Friday, 7 August 2009

Seaside blues on both sides of the pond

Last month our American cousins in Brewster were concerned that their prized freshwater ponds were under attack from an annoying natural pest at the height of the holiday season. And now in Budleigh Salterton it’s the beach where holidaymakers have been alarmed to discover an invasion by a marine pest which happens to be the same colour.
(Left: aerial view of Brewster showing some of its freshwater ponds)
Thankfully the threat from blue-green algae, known as cyanobacteria, has now receded in Brewster and the pond re-opened after a few weeks. Dying algae can create a toxic soup that is harmful to both humans and their pets, and tests of the water in Walkers Pond on Slough Road had shown a high level of algae that could cause symptoms ranging from a rash to diarrhea and vomiting.

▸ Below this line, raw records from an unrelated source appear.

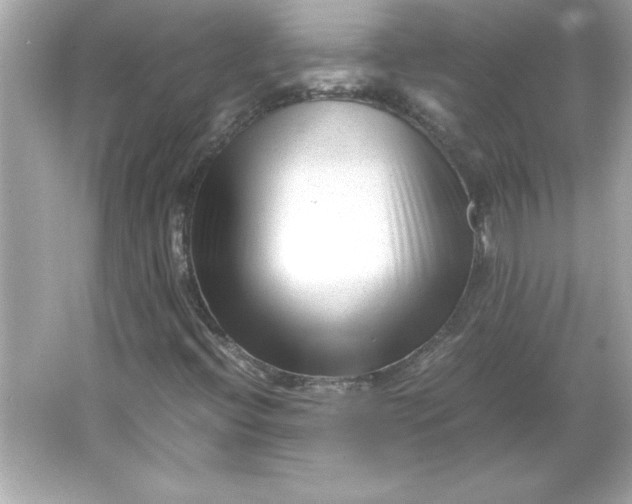 X0000066021396200603171519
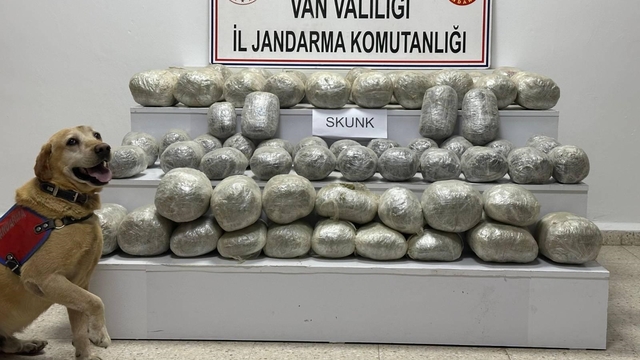 Van'da 97 kilo skunk ele geçirildi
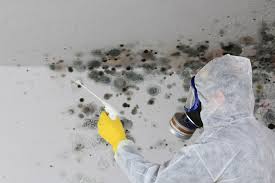 Best Air Quality Testing for Mold Spores  in Lancaster, TX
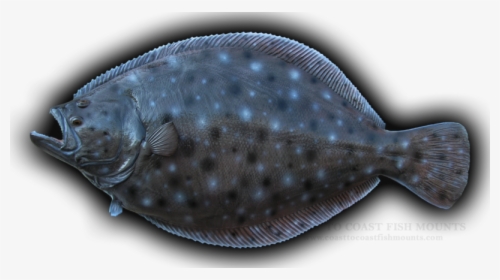 Summer Flounder Transparent Background, HD Png Download, Transparent PNG
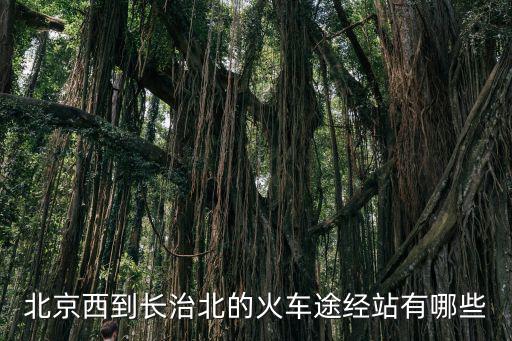 北京到長(zhǎng)治，北京西到長(zhǎng)治北的火車途經(jīng)站有哪些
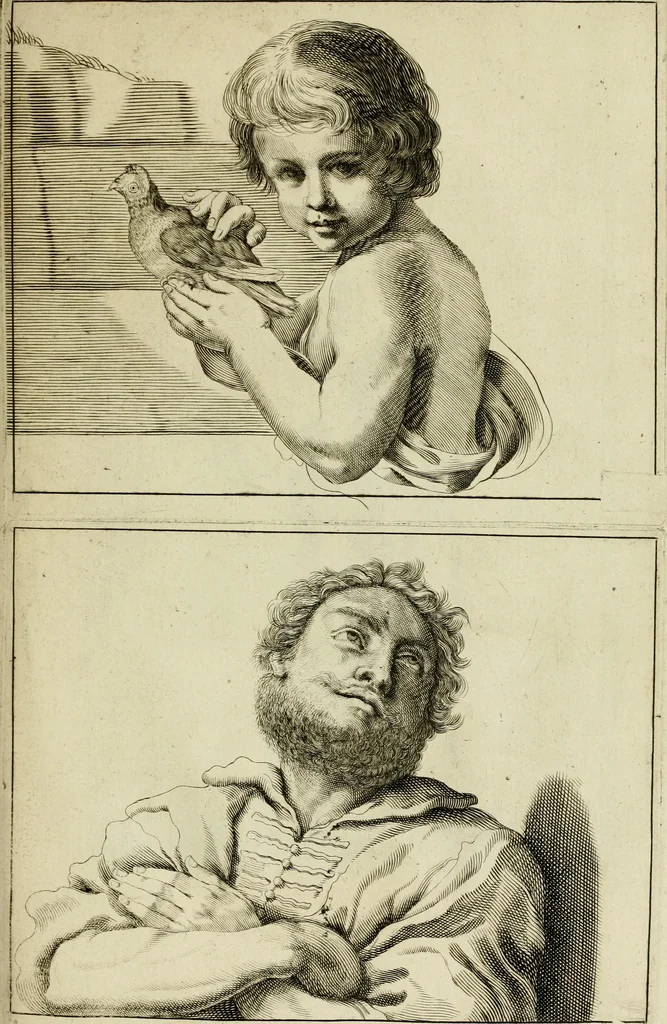 An illustration from La prima-[quinta] parte della luce del dipingere et disegnare, ..., 1643, leaf 262
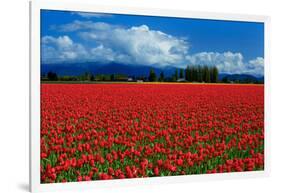 Clouds and Tulips-Howard Ruby-Framed Photographic Print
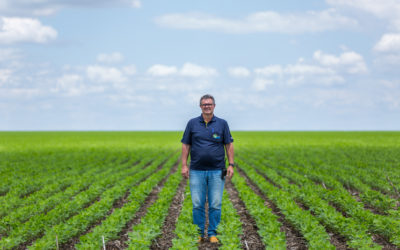 Maranhão: soja sustentável para frear desmatamento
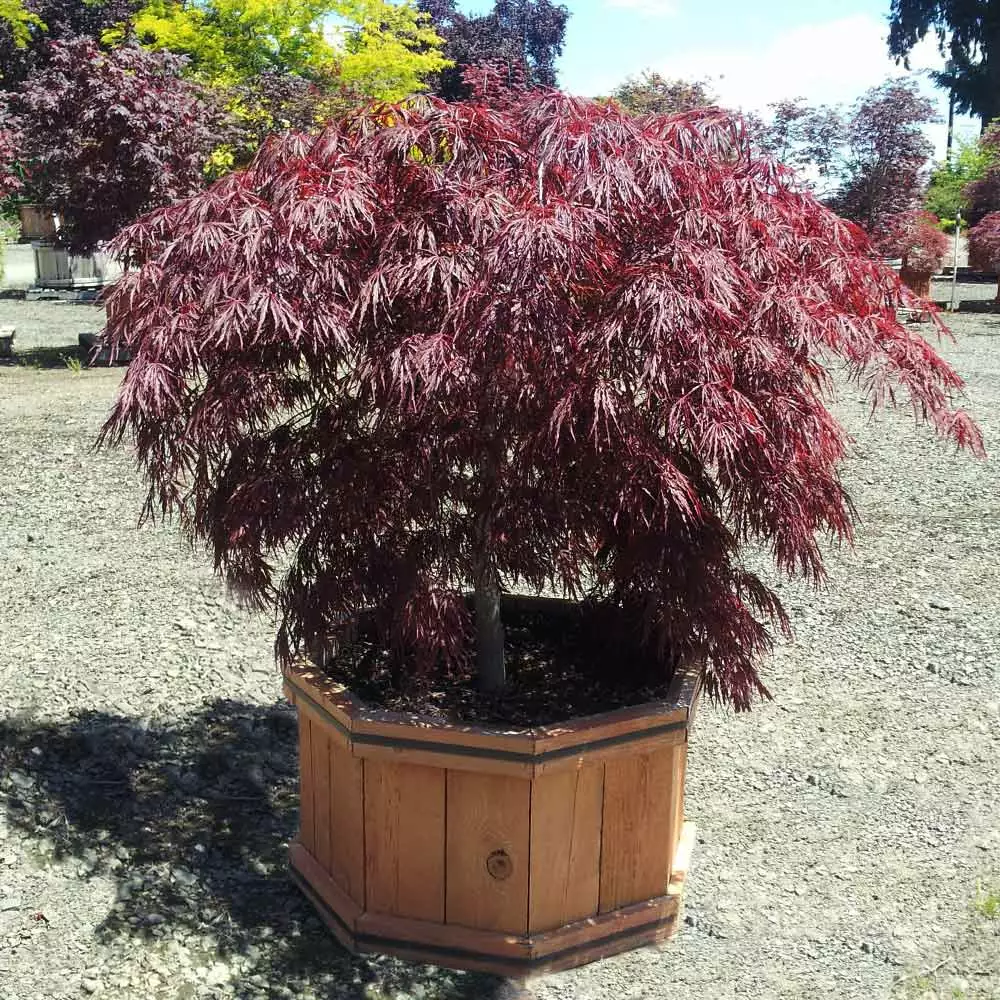 Fast Growing Trees Crimson Queen Japanese Maple Japanese Maples 6 Fast Growing Trees Crimson Queen Japanese Maple Japanese Maples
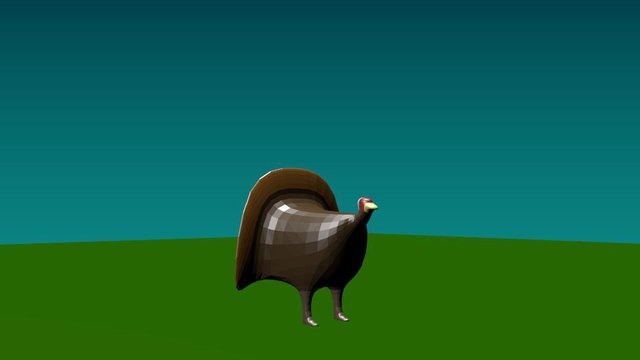 Turkey Hunt
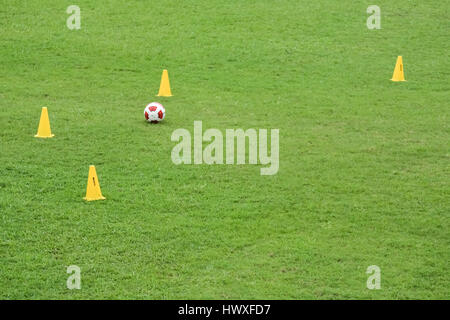 Kegel auf dem grünen Rasen Training Stockfoto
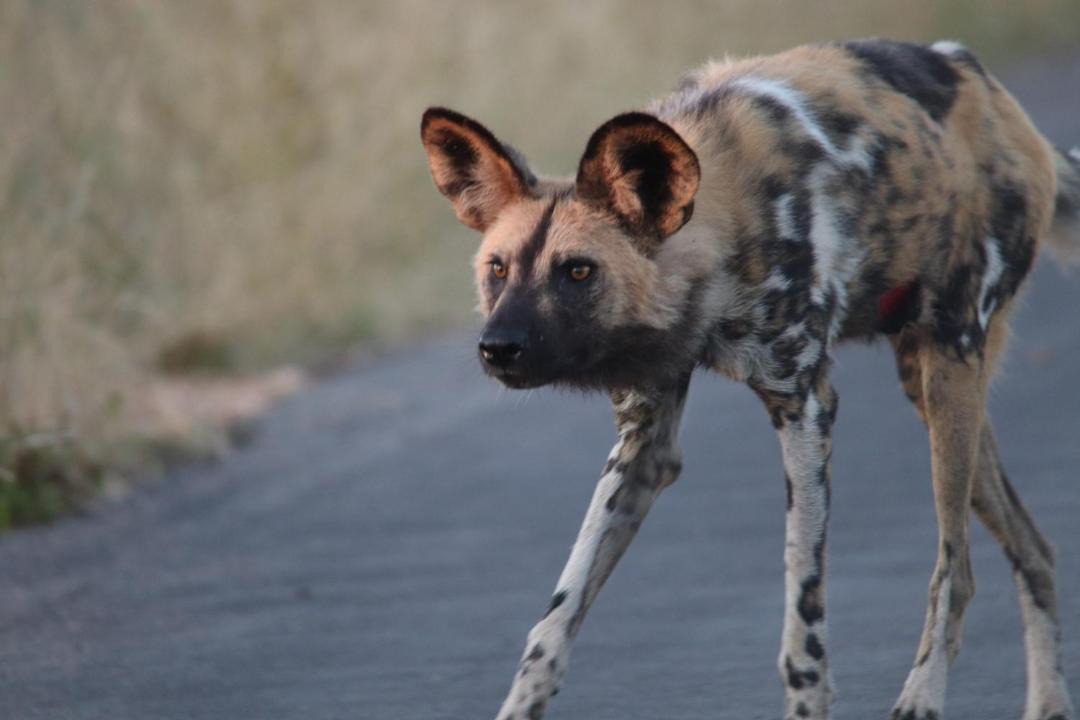 Photo of Others in Kruger National Park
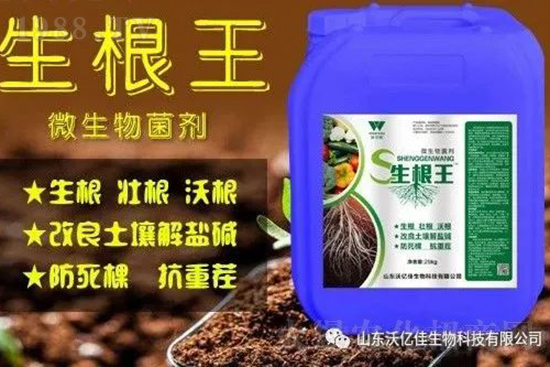 作物重茬、爛根死棵嚴重啥原因？如何改善這些難題？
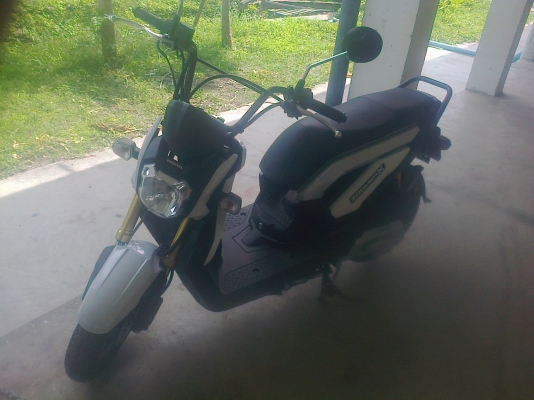 ขายดาวน์honda zoomer-x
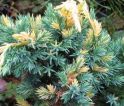 Можжевельник чешуйчатый "Голден Флейм" (Juniperus squamata "Golden Flame") « Высота(см): 50-60; Упак.: C5; »
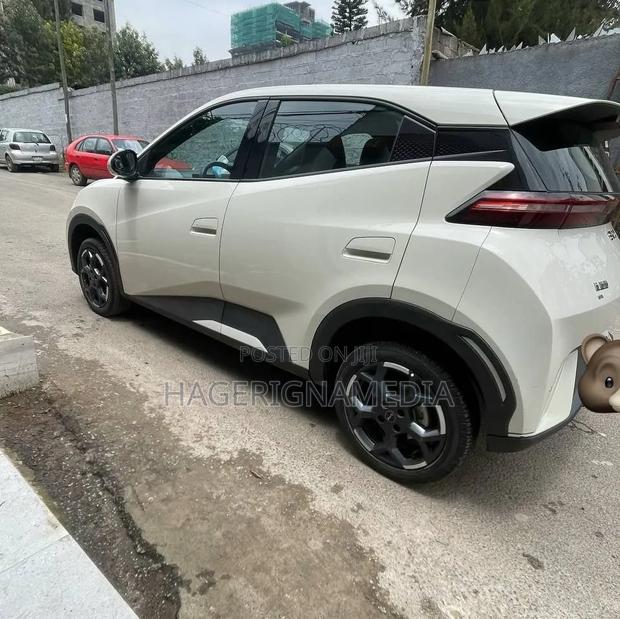 BYD Seagull 2024 White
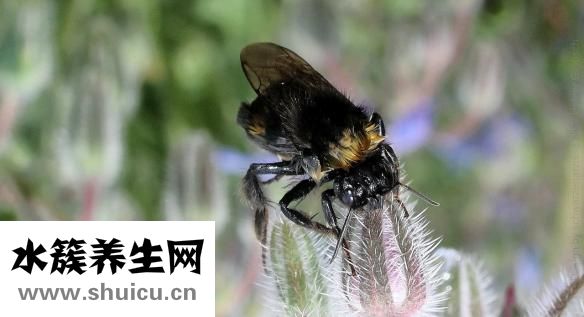 怎么让嘴巴变好看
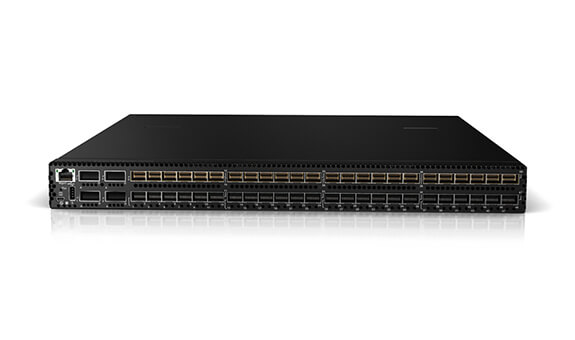Lenovo RackSwitch G8264 Front View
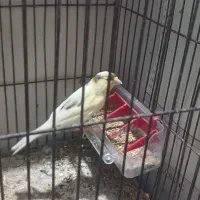 قناری|پرنده|رشت, دروازه لاکان|دیوار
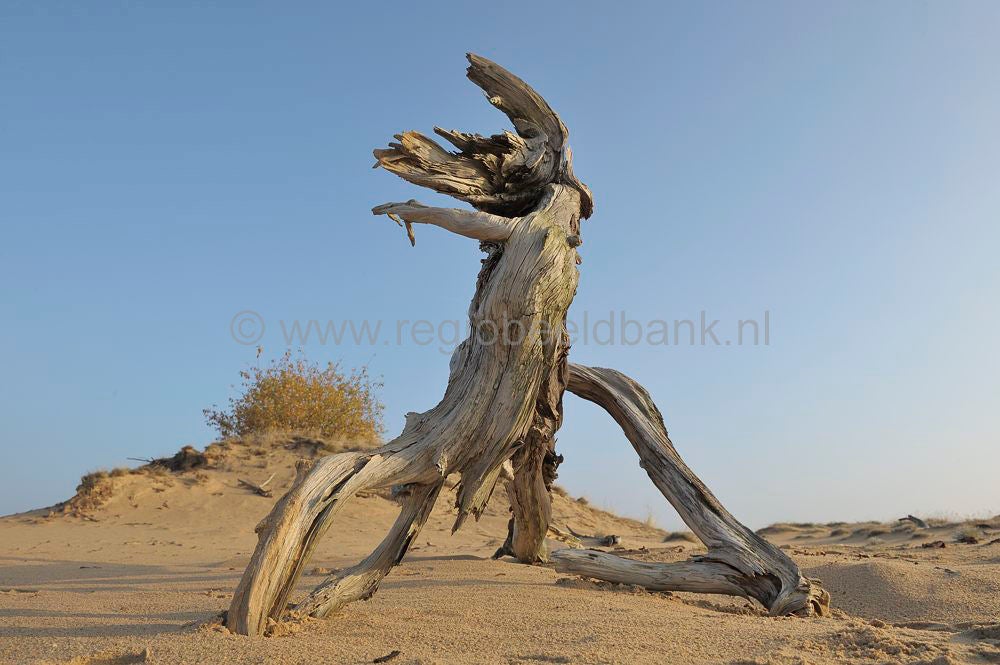 kootwijkerzand_037.jpg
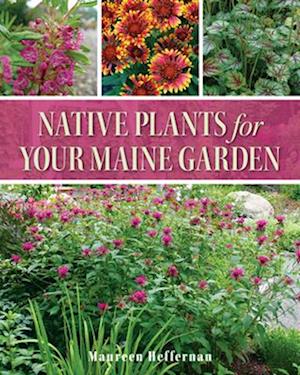 Native Plants for Your Maine Garden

On the Jurassic coast here in East Devon, just when the sun came out after a week of dismal weather and visitors thought it was safe to go into the sea, there were warnings two days ago of a jellyfish invasion.

Rare Portuguese Man o’ War jellyfish (pictured right) have been spotted washed up on Budleigh Salterton beach. Around 100 of the creatures have been reported on beaches along the coast including at Seaton, Beer, Branscombe and Sidmouth, as well as in parts of West Dorset.

East Devon District Council staff immediately took steps to remove the offending creatures, which can deliver a painful sting that can in rare cases cause serious side-effects.

“The arrival of these jellyfish is an exceptionally rare occurrence, as they are not normally found close to our shores,” said an EDDC spokesperson. “They are thought to have been blown towards East Devon’s coastline by southerly and south westerly winds over the past few days. The creatures are so-called because they have small blue sails” which are reminiscent of Portuguese warships in Tudor times.”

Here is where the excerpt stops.